TO DO ->
From the line containing "Freespirit Recreation Kali" onward, every line of the entries is to be set down exactly, the last line included.

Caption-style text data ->
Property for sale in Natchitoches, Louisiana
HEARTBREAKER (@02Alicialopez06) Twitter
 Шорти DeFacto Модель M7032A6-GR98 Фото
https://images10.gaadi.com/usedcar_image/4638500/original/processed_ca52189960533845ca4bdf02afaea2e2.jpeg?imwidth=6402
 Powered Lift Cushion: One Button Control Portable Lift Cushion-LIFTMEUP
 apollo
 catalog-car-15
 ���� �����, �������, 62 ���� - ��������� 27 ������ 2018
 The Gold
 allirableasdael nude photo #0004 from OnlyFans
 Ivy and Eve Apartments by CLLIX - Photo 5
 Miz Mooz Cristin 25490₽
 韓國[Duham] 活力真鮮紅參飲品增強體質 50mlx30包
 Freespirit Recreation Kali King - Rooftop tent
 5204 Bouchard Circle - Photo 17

ANSWER AREA ->
 Freespirit Recreation Kali King - Rooftop tent
 5204 Bouchard Circle - Photo 17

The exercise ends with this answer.